>>
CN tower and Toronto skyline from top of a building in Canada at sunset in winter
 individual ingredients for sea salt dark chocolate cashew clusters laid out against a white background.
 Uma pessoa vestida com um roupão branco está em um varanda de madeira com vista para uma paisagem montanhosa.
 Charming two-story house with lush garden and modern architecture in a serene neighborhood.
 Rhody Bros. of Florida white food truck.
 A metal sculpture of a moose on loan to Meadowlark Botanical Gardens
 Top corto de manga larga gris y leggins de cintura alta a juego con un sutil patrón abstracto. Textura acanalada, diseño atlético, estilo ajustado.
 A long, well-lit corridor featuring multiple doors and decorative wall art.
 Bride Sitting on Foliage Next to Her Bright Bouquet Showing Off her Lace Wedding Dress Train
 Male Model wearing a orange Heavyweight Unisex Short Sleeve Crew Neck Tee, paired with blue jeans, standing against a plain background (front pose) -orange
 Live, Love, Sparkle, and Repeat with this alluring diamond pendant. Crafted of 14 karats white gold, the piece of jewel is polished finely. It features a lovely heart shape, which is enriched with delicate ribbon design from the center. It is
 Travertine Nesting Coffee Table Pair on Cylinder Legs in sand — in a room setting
<<
→ DIRECTIONS FOR THIS TASK
Of all the entries above, output exactly the lines between the one holding "A long, well-lit" and the one holding "Male Model wearing", inclusive.

→ WRITTEN ANSWER
 A long, well-lit corridor featuring multiple doors and decorative wall art.
 Bride Sitting on Foliage Next to Her Bright Bouquet Showing Off her Lace Wedding Dress Train
 Male Model wearing a orange Heavyweight Unisex Short Sleeve Crew Neck Tee, paired with blue jeans, standing against a plain background (front pose) -orange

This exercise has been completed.